# circle hooks



## bmanoftheyear (Oct 14, 2006)

someone told me they are the best to use for cats since you dont have to set the hook.I watched the guy throw out his line and 10 minutes later his pole bent.I seen his line go across the lake,then it stopped.The guy said he's on there now watch not even 30 seconds later his line took off again and he was starting to bring the fish in.He caught the fish a decent size channel around 10 pounds.I asked him how does it work if you dont set the hook,he laughed and said."the cat takes the bait,he swallows it and runs with it,when the cat turns to run with it the hook turns into the corner of his mouth and the fish hooks itself that way.
I dont know if this is true or not but the guy had the cat hooked right in the corner of his mouth just like he said.I seen his other pole and it had a different hook on it like the ones i use.I dont know the name of them but they are bigger then a regular hook and they are more open.They came with some zoom rubber worms i bought for rigging them weedless.I use those and have lost a couple fish when i went to set the hook probably because the fish didn't have the bait good in its mouth or i waited to long to set the hook.
I just need to go cattin with someone on here and see your set up and how you do it since it is a little hard to explain with words.
If youd like to explain please do so and i'll maybe understand.
Also what setups are you guys using for your cats?There are no flatheads where i fish since it is a small lake but there are blues and channels,the biggest cat i've seen from there was 28 lbs.
I'd just like to see your setups if you could post pics because i am fishing with a daiwa d-force combo that only holds 12 lbs of line and the max lure weight is on 3/8's an ounce thanks alot guys for helping out


----------



## big fish (Oct 9, 2005)

i use circle hooks all the time when catfishing and i havent had one hook that was not in the corner. i could never use a diffrent hook after using circle hooks. and from my experiance it holds the bait 10 times better (i use worms, chicken liver, creek chubs, blue gills, etc).


----------



## neocats1 (Oct 14, 2006)

It is true that when using circle hooks that the hooks usauuly end up in the corner of the mouth.

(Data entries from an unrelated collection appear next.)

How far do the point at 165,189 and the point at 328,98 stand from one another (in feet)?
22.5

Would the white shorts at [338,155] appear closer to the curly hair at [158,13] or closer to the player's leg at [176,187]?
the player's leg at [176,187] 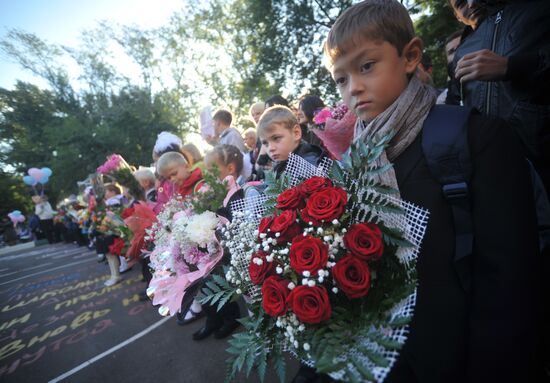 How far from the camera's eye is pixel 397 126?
1.09 metres

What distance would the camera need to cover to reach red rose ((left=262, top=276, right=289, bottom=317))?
2.99 feet

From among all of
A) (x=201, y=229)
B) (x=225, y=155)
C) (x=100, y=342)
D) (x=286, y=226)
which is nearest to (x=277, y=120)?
(x=225, y=155)

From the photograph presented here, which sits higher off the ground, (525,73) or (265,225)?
(525,73)

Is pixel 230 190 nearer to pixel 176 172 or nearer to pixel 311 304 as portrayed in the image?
pixel 311 304

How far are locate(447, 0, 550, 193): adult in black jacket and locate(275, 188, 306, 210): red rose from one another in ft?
3.60

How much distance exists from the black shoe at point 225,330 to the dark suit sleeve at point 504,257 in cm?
285

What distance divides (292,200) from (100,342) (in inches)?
167

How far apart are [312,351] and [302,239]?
344 millimetres

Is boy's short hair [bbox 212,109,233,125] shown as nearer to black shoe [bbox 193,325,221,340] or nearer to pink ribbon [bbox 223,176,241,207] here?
pink ribbon [bbox 223,176,241,207]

Occassionally I have have one hook through the eye. The best part about circle hooks is the fact that they allow you to release more fish unharmed. If you are tight line fishing, a cat will usually hook himself. So to speek. As the line tightens and pulls on the hook, then the point gets exposed to the fishes mouth. They don't normally feel the sharp point when biting due to the fact it is "curled" to the inside. But beware, if you have a run and try to pull hard to set the hook, you will most likely hook nothing. Circle hooks need patience and it is hard for most of us to learn that when we are getting a bite. Also, I don't use a leader with circle hooks because most are hooked in the mouth. Let them chew on the hook. And hooks are made different, cast and wire. Cast hooks are stronger and hire hooks will bend easier. Choose according to what you are fishing for.


----------



## H2O Mellon (Apr 5, 2004)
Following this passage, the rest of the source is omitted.